Miami Beach, a.k.a. South Beach, is home to more than 94,000 permanent residents, but the population swells to more than 200,00 during the winter months, when snowbirds and glamour-seeking Northerners travel south to enjoy the good life.
The island city, which consists of 7.1 sq. miles between Biscayne Bay and the Atlantic Ocean, is home to a multicultural and multilingual community with a growing Hispanic presence, which, as of 1997, accounted for more than 57% of the city's population.
The median age of the city's residents has dropped to 44.5 from over 65 years in 1980. The number of South Beach residents who are 14 years old or younger continues to increase - from 6.5% in 1980 to 20% in 1997 - indicating that the number of families on the beach continues to grow as well.

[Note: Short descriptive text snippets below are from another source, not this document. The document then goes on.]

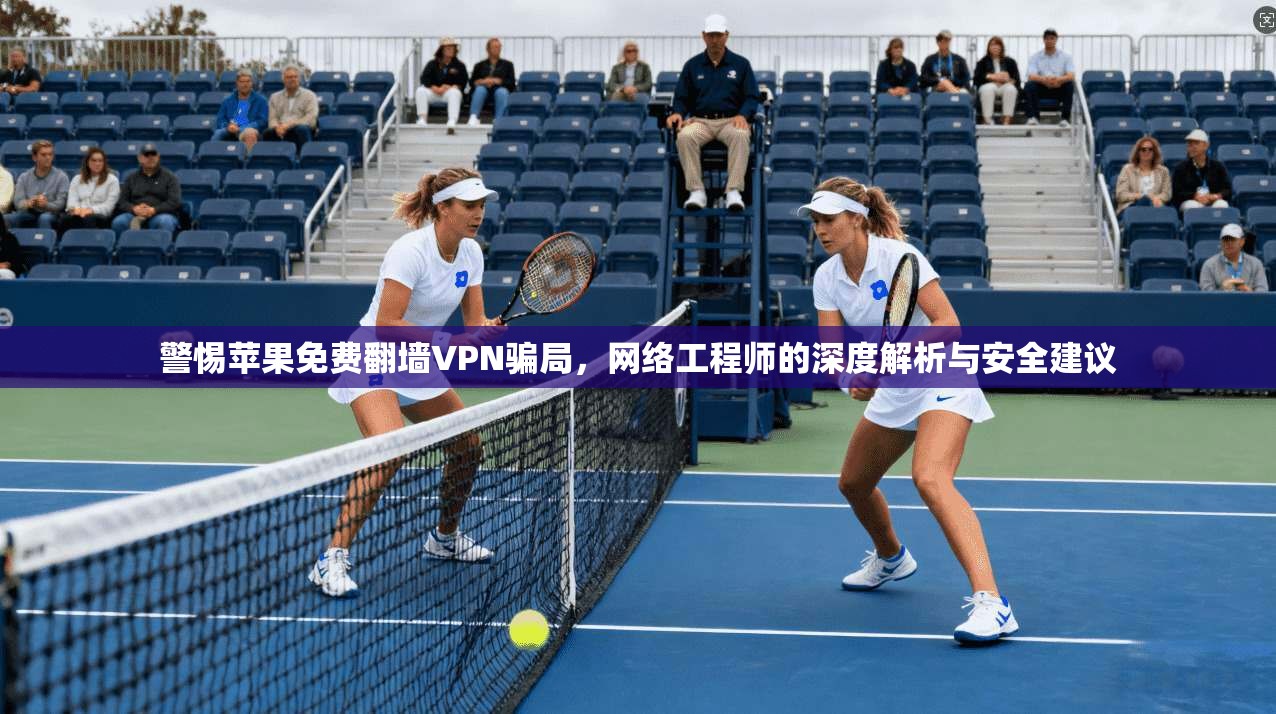 警惕苹果免费翻墙VPN骗局，网络工程师的深度解析与安全建议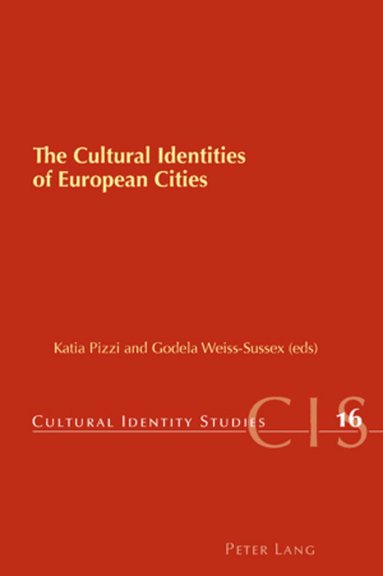 Katia Pizzi, Godela Weiss-Sussex - Cultural Identities of European Cities, Häftad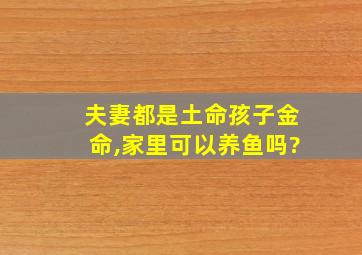 夫妻都是土命孩子金命,家里可以养鱼吗?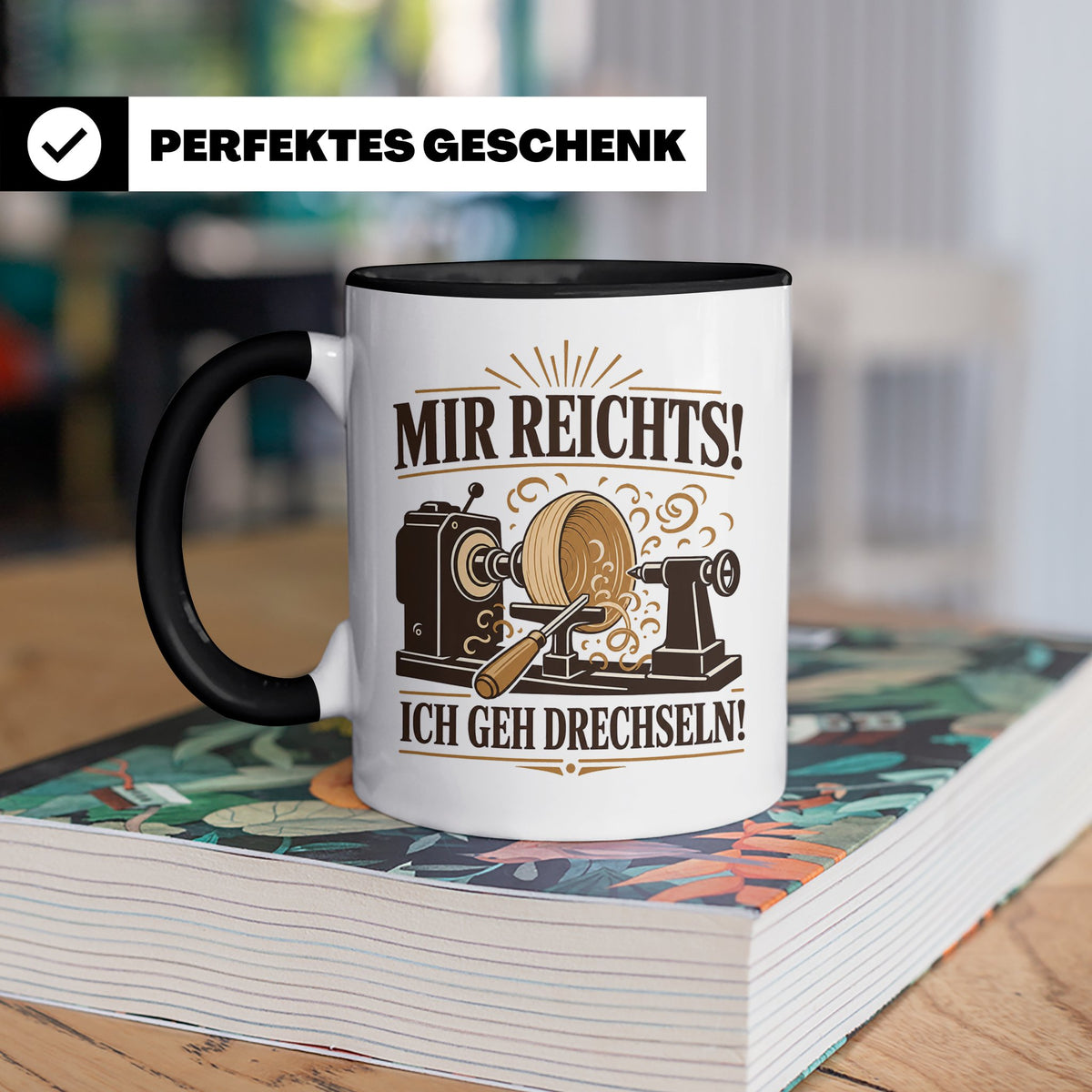 Drechseln Tasse Mir reichts ich geh drechseln - Geschenk für – Schwarz [farbe:schwarz]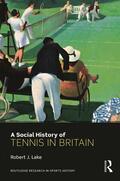 Lake |  A Social History of Tennis in Britain | Buch |  Sack Fachmedien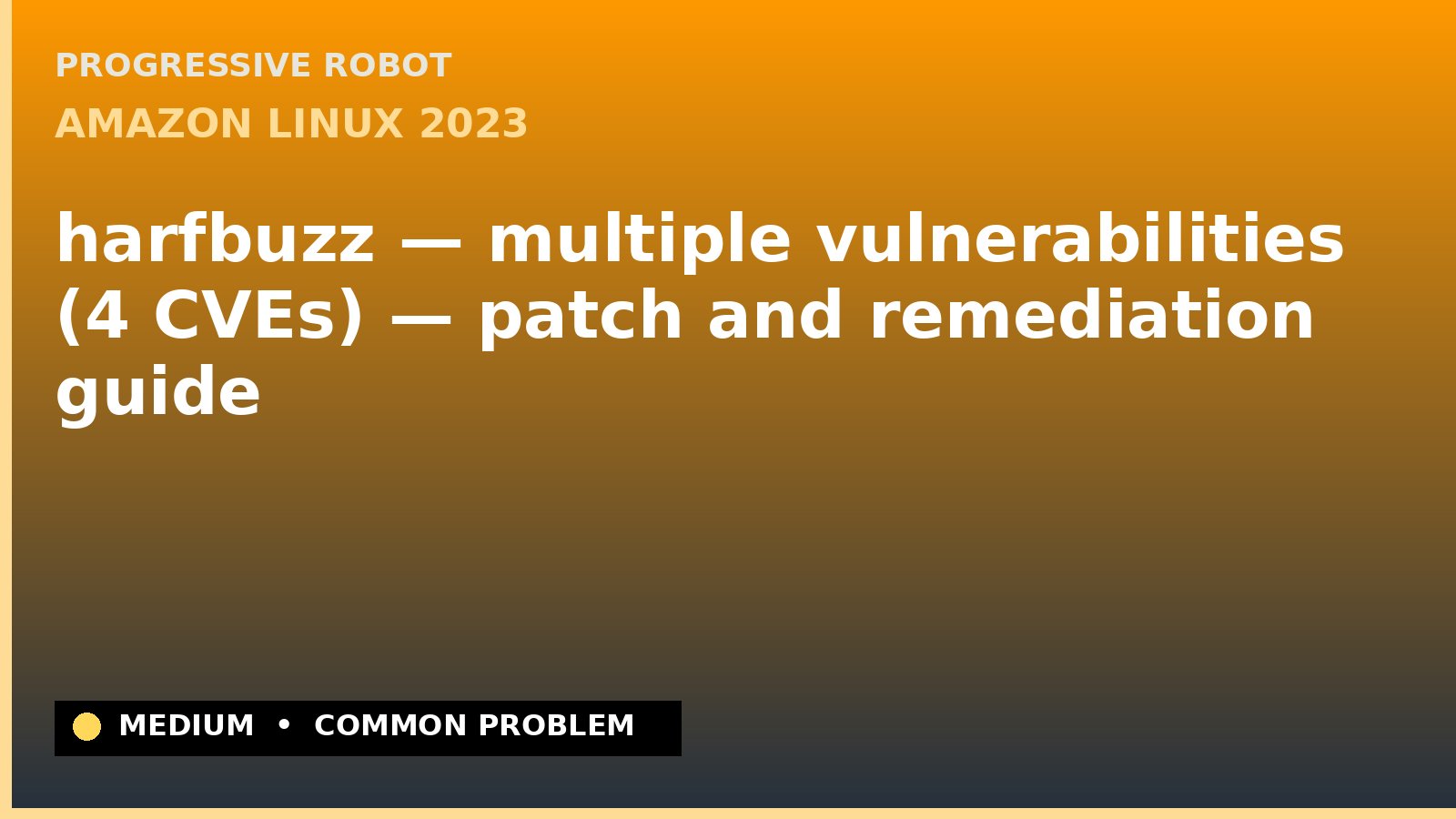 Amazon Linux 2023 — harfbuzz — multiple vulnerabilities (4 CVEs) — patch and remediation guide — diagnosis and fix on Amazon Linux 2023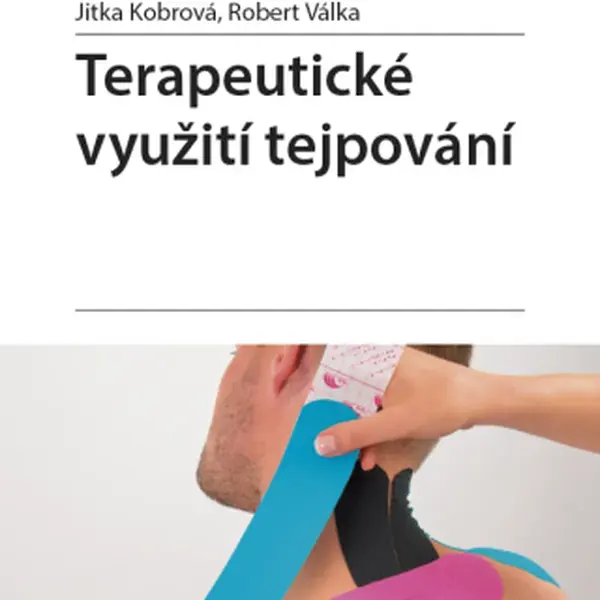 Terapeutické využití tejpování - Jitka Kobrová, Robert Válka - e-kniha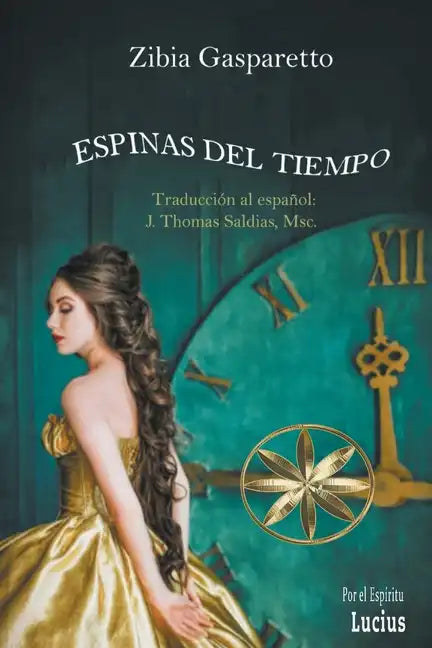 Espinas del Tiempo - Paperback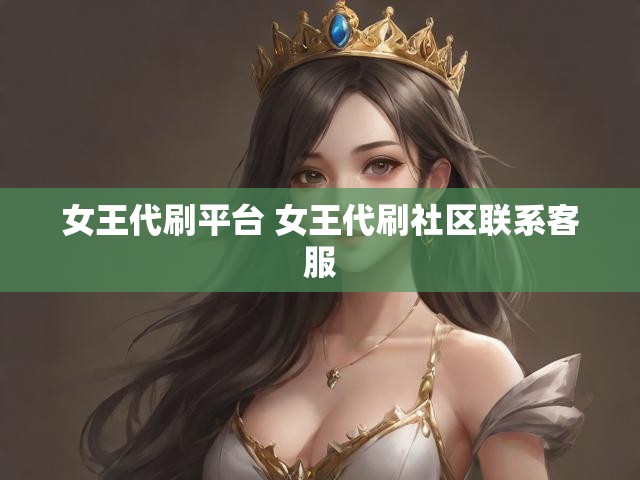 女王代刷平台 女王代刷社区联系客服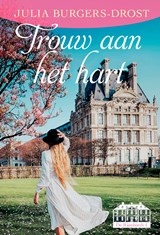Trouw aan het hart - Julia Burgers-Drost - 9789020536324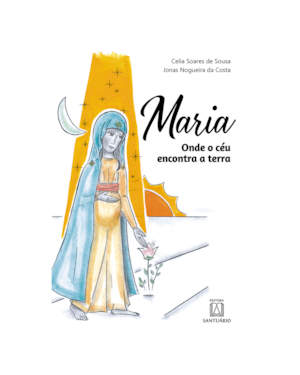MARIA: ONDE O CÉU ENCONTRA A TERRA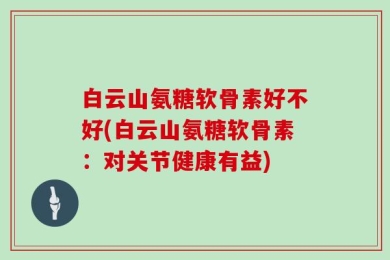 白云山氨糖软骨素好不好(白云山氨糖软骨素：对关节健康有益)
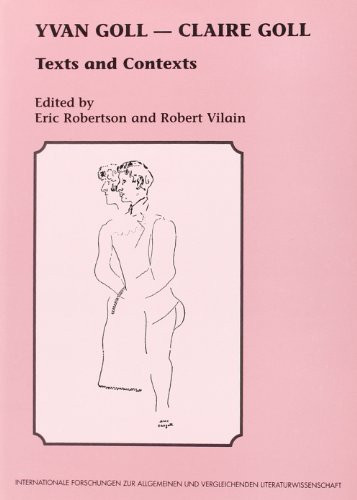 Yvan Goll - Claire Goll (Texts and Contexts) by Eric Robertson, Robert Vilain, 9789042001893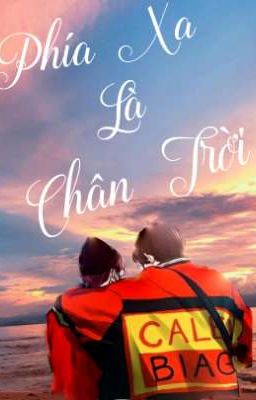 [ Longfic ] { ChanBaek } Phía Xa Là Chân Trời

Often tauted as the American equivalent of the French Riviera, South Beach's shopping environment is eclectic and exciting. Ocean Drive, Collins Ave., Alton Road, Arthur Godfrey Rd. and Washington Ave., are all major shopping thoroughfares, offering merchandise categories ranging from posh designer clothing to Art Deco collectibles.
Once rundown, now revived, south Collins Ave. is emerging as the newest hot retail district. Retailers including Armani Exchange, Urban Outfitters, Gap and Nine West have already joined the lineup.
Lincoln Road, once known as one of the hottest U.S. shopping streets, is experiencing a renaissance thanks to an influx of entertainment and retail tenants, including Regal's 18-screen South Beach Cinema and Banana Republic, Williams-Sonoma and Pottery Barn.
The retail sector of North Beach is also growing thanks to new incentive programs including commercial facade restoration grants and enterprise zone tax incentives.